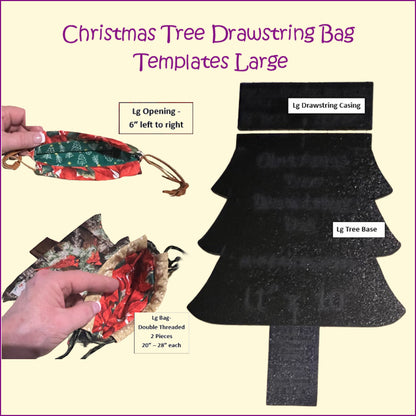 Christmas Tree Drawstring Bag Templates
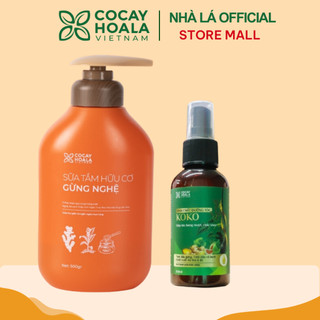 Combo Sữa Tắm Thảo Dược Hữu Cơ Gừng Nghệ 500g + Tinh chất dưỡng tóc KOKO Cỏ Cây Hoa Lá 100ML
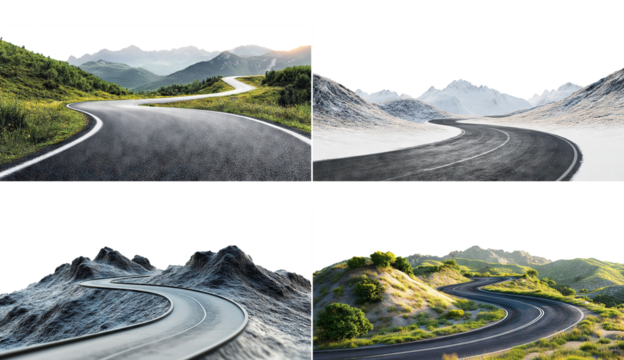 Set of curved mountain roads with scenic views, isolated on transparent cutout background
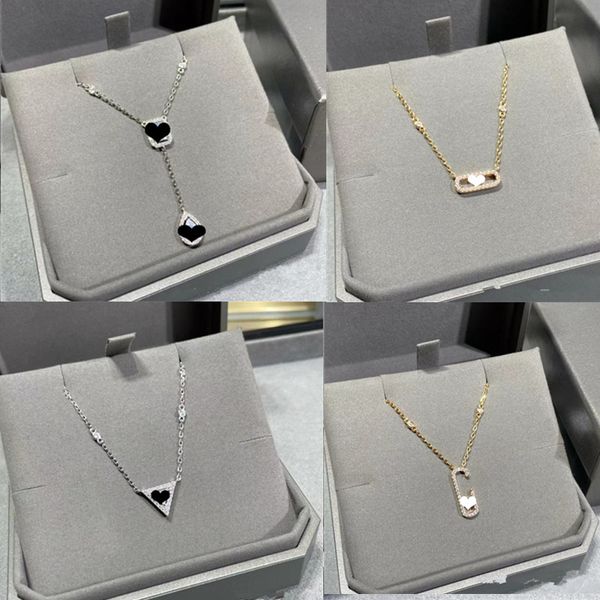 Designer de moda luxo único três diamantes deslizante pingente colar romântico série m assimétrico colar clássico 925 rosa ouro jóias presente do amante do casamento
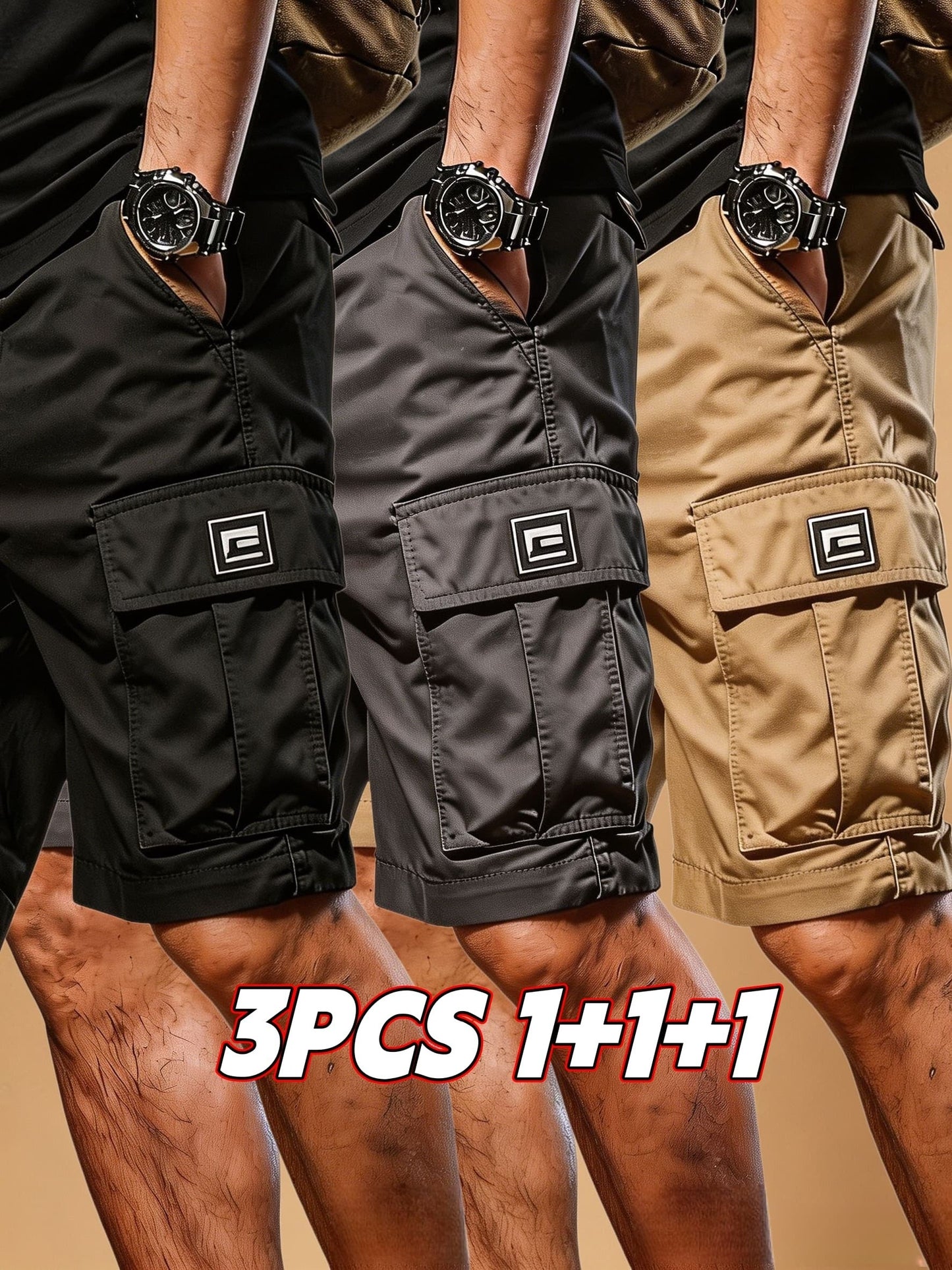 Men's Cargo Shorts - Drawstring Waist With Pockets – Black+gray+khaki – Black option – view 2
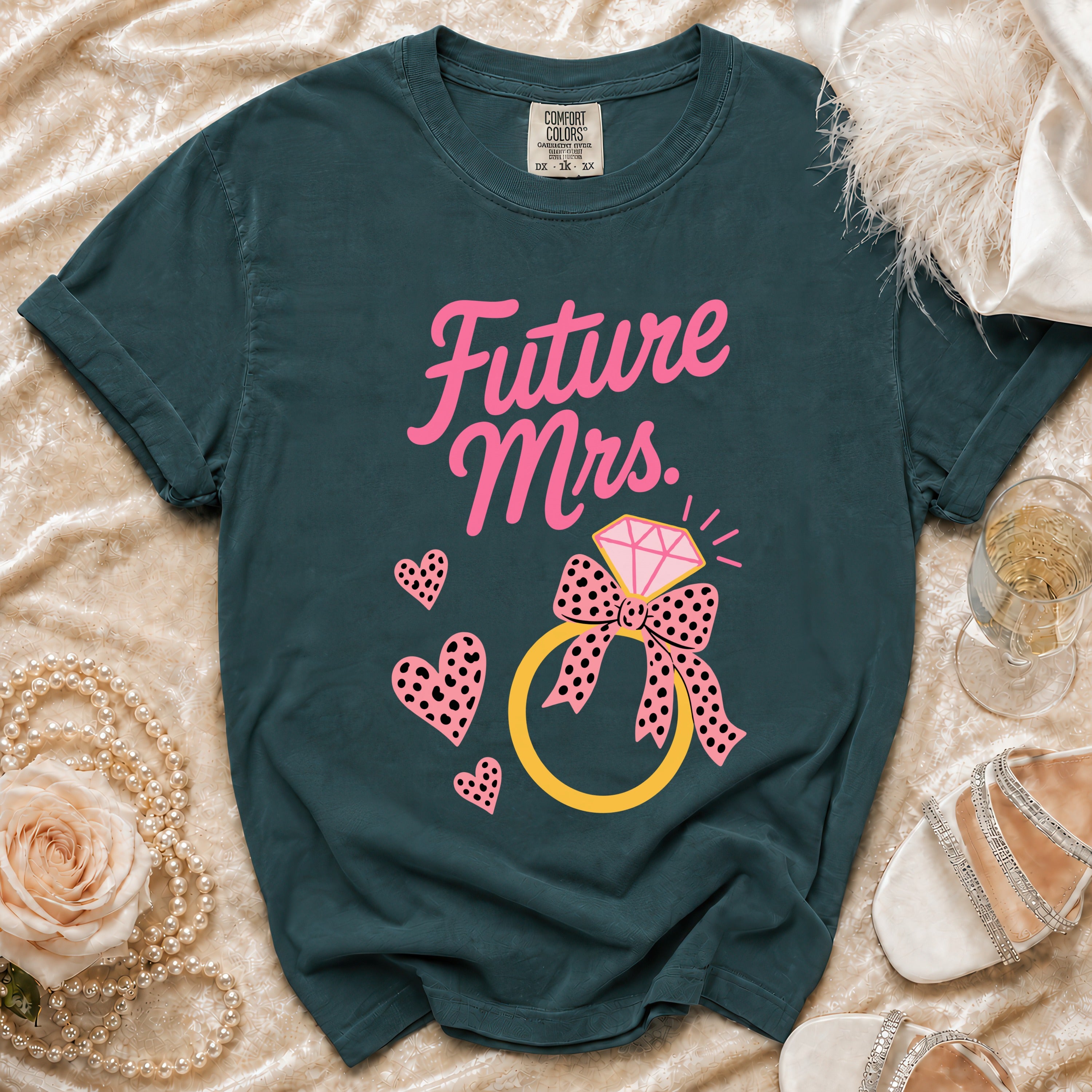 Teal t-shirt with "Future Mrs." text, diamond ring, and hearts.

BRIEF
Copy the entries above exactly from the line with "Set of curved" down to their last line, both ends included. Do not copy any pictures.

SOLUTION TO THIS TASK
 Set of curved mountain roads with scenic views, isolated on transparent cutout background
 Designer de moda luxo único três diamantes deslizante pingente colar romântico série m assimétrico colar clássico 925 rosa ouro jóias presente do amante do casamento
 Men's Cargo Shorts - Drawstring Waist With Pockets – Black+gray+khaki – Black option – view 2
 Teal t-shirt with "Future Mrs." text, diamond ring, and hearts.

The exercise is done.